Bless them.  We all need those kindnesses.

And of course, memoir writer that I am, I understand we all have our disagreeable truths ….


But I spent this past long-weekend in Florida with some of my best friends from high school.  For several days, 8 of us lived in a hotel room with not-enough beds and 2 bathrooms.  We are grown women.  We’ve known each other for 30 and 40 years.  Imagine the truths.  The bathroom alone ….

But sometimes I feel I’ve misled people when I talk about my oldest friendships.  When I  say, “high school friends” it sounds as if we’re a bunch of fun-loving cheerleaders and that we’ve been irritatingly positive rah-rah buddies on a monthly basis for 4 decades.  The reality is that every single one of us has been in and out —- some for a few years, others for a decade or even two decades! —- and some were not even friends until after high school was over.  I can tell you that Tracy and I barely tolerated each other from mid-Freshman year on, but we were roommates in college, had yet more falling-outs, and still love each other.  I was so jealous of Trish I barely survived her, and yet she’s one of my favorite people in the world.  I used to think Laura was waaaaay too cool for me.  We lost Lisa for 20 years, but now we talk/text almost daily.  Etc …. but no matter.  The bluntest of truths are told.

“You’re being a bitch.”

“Fuck you.”

“Love you, miss you!”

“You stole my boyfriend in 9th grade, and I’m still hurt pissed.”
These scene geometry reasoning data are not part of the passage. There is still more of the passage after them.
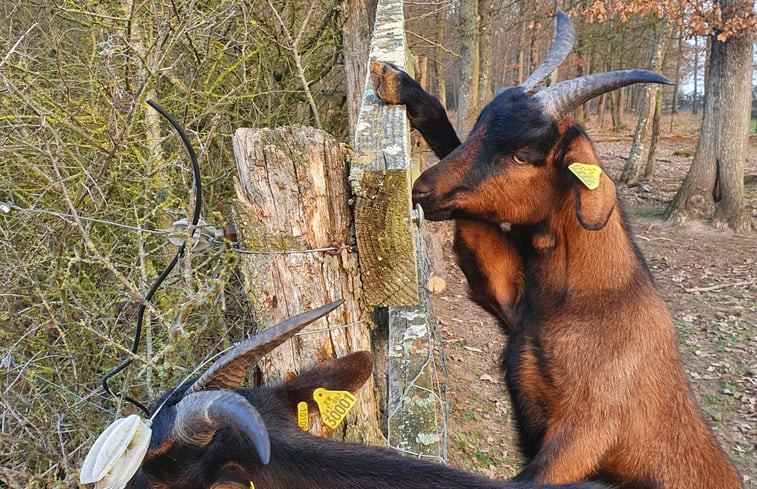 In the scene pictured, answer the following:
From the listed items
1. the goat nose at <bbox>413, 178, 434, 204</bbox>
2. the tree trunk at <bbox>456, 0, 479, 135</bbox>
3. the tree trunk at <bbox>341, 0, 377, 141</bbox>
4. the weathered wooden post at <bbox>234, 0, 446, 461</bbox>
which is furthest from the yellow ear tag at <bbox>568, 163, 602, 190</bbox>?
the tree trunk at <bbox>456, 0, 479, 135</bbox>

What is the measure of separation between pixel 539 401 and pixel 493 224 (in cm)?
98

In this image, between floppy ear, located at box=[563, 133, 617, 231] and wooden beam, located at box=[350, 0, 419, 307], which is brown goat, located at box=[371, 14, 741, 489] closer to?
floppy ear, located at box=[563, 133, 617, 231]

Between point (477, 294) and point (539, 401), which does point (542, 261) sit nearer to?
point (477, 294)

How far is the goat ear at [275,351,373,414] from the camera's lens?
6.60 ft

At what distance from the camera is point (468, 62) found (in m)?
11.6

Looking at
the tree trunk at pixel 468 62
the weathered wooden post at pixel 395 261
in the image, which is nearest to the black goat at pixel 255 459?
the weathered wooden post at pixel 395 261

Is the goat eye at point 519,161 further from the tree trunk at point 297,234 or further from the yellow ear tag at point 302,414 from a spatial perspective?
the yellow ear tag at point 302,414

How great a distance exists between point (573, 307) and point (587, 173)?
709mm

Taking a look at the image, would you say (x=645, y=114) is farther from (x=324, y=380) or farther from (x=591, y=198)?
(x=324, y=380)

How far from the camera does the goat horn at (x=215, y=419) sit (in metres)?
1.34

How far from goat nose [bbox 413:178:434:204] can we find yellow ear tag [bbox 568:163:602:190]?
0.68 metres

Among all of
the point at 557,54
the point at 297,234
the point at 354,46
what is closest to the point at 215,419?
the point at 297,234

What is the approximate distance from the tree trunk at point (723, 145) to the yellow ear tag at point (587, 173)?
8744 millimetres

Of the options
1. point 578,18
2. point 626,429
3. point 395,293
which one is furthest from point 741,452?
point 578,18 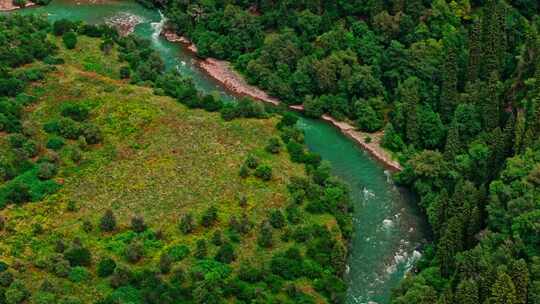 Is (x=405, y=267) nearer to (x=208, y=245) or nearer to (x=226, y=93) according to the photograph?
(x=208, y=245)

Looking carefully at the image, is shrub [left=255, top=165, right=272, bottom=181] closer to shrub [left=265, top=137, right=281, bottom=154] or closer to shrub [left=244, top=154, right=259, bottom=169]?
shrub [left=244, top=154, right=259, bottom=169]

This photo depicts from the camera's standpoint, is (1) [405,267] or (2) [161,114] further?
(2) [161,114]

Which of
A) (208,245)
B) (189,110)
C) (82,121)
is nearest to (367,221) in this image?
(208,245)

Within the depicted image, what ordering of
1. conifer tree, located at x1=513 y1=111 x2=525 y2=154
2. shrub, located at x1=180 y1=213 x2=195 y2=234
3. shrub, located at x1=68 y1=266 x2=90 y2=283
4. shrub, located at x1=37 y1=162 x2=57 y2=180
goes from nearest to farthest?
shrub, located at x1=68 y1=266 x2=90 y2=283, shrub, located at x1=180 y1=213 x2=195 y2=234, conifer tree, located at x1=513 y1=111 x2=525 y2=154, shrub, located at x1=37 y1=162 x2=57 y2=180

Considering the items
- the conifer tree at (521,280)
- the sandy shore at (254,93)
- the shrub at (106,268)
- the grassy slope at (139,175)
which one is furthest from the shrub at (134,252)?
the sandy shore at (254,93)

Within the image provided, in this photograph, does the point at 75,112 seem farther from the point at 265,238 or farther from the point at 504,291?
the point at 504,291

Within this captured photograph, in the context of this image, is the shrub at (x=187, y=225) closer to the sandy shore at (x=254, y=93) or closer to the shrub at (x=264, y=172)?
the shrub at (x=264, y=172)

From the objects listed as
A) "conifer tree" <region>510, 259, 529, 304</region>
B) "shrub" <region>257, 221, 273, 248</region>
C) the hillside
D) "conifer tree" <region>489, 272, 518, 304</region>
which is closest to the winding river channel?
the hillside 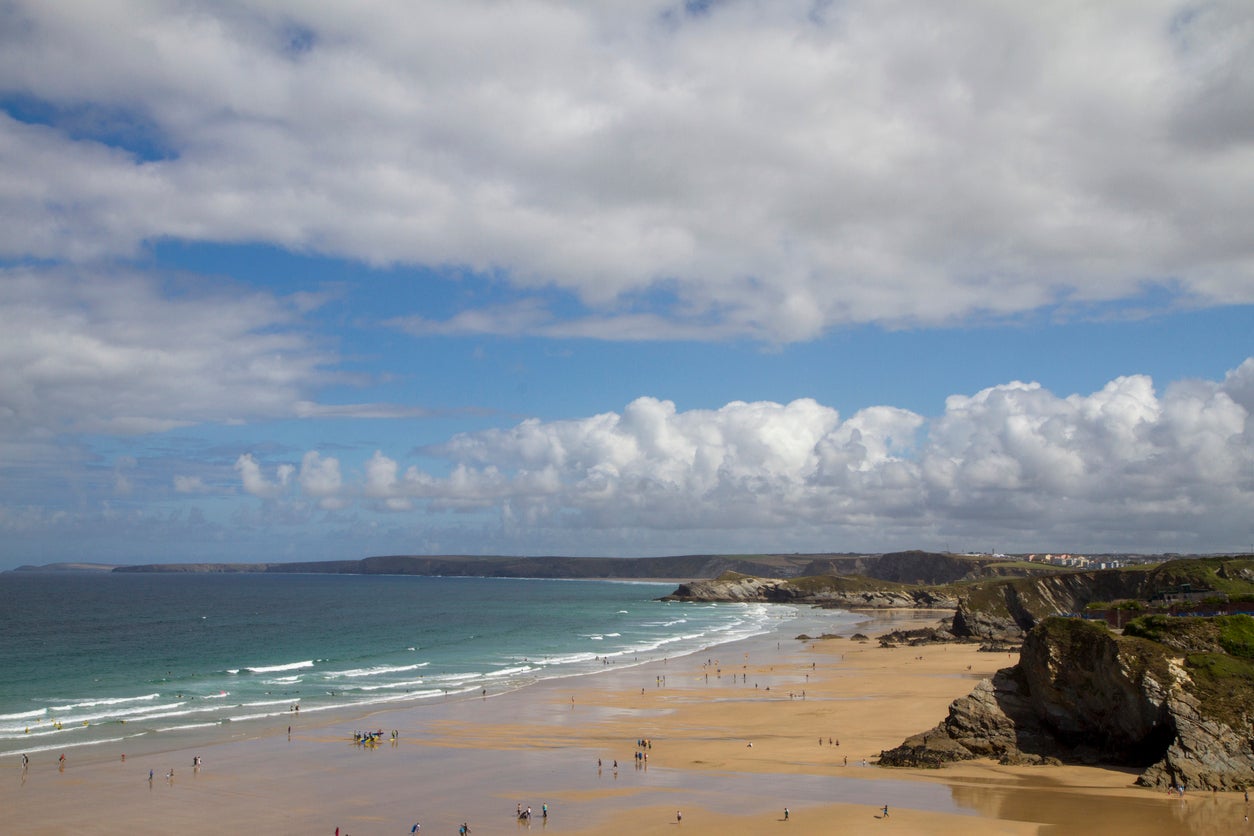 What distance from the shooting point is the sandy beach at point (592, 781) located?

“You think you’re expressing your opinion, but you’re really just judgmental.”

Don’t get me wrong.  I greatly appreciate the pauses, the kindnesses, sentences that begin slowly (and a little worried) with, “Well ….”  How would we survive otherwise?  But sometimes we need to hear the unfiltered truths —- the, “this is what I really think of you and your behavior” —-  and these are the women I trust to put it all out there.  The “oops, did I just say that out loud, women.”  Thank god for them.


Here’s to new friends, the ones who help us aspire to who we want to be.  And here’s to old friends — the truth tellers.  No matter how long the absences or issues, no matter the most painful truths.  Here’s to the ones who remind us who we were, who we still are in our deepest regions, and who have no fear about telling their truths the way they see it.  You are my mirrors.


Who tells you the truth?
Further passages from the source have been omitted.